Collected data Block Start

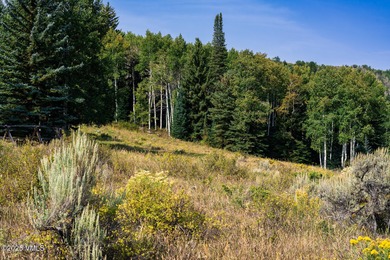 Beautifully situated homesite directly across from the Summit
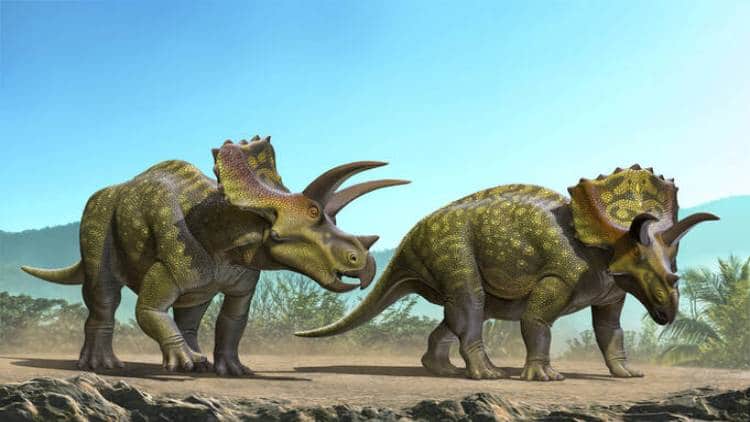 dinozor türleri Ceratopsian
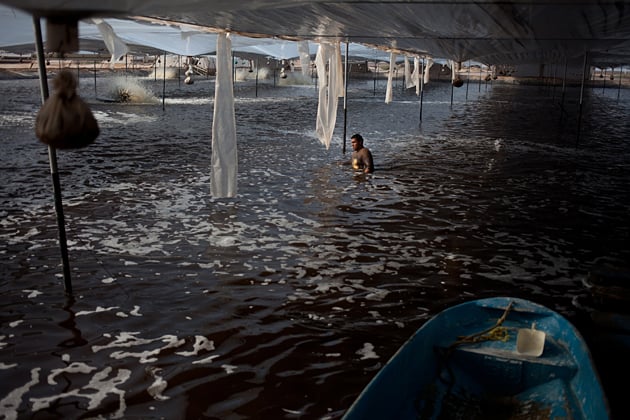 A worker at a shrimp farm vacuums waste from a pond, Sea of Cortez, Mexico. © Dominic Bracco II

Collected data Block End

▸ **Task directions**:
Reproduce the material in its entirety and word for word, without the pictures.

▸ **Answer to the exercise**:
 Beautifully situated homesite directly across from the Summit
 dinozor türleri Ceratopsian
 A worker at a shrimp farm vacuums waste from a pond, Sea of Cortez, Mexico. © Dominic Bracco II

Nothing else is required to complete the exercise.